After locating "Gần Tết, hàng" in the listing below, copy that line and each one after it exactly, ending with the line that has "Imagem VISTA ALTA".
DATA SECTION section start
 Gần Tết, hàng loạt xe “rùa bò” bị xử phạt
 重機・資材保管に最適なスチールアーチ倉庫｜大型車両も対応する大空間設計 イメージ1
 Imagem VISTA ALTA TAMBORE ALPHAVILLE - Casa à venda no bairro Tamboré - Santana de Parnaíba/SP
DATA SECTION section end
DATA SECTION section start
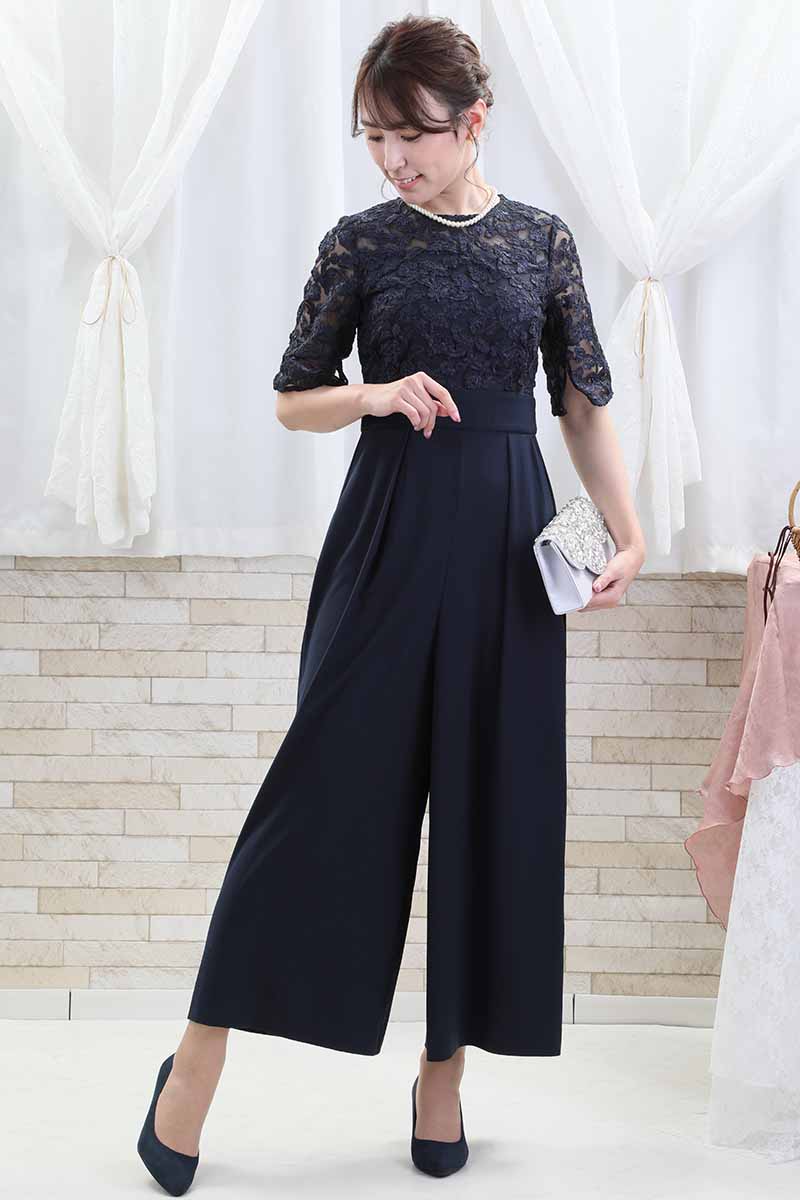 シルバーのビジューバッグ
DATA SECTION section end
**ANSWER FOR THE TASK:**
 Gần Tết, hàng loạt xe “rùa bò” bị xử phạt
 重機・資材保管に最適なスチールアーチ倉庫｜大型車両も対応する大空間設計 イメージ1
 Imagem VISTA ALTA TAMBORE ALPHAVILLE - Casa à venda no bairro Tamboré - Santana de Parnaíba/SP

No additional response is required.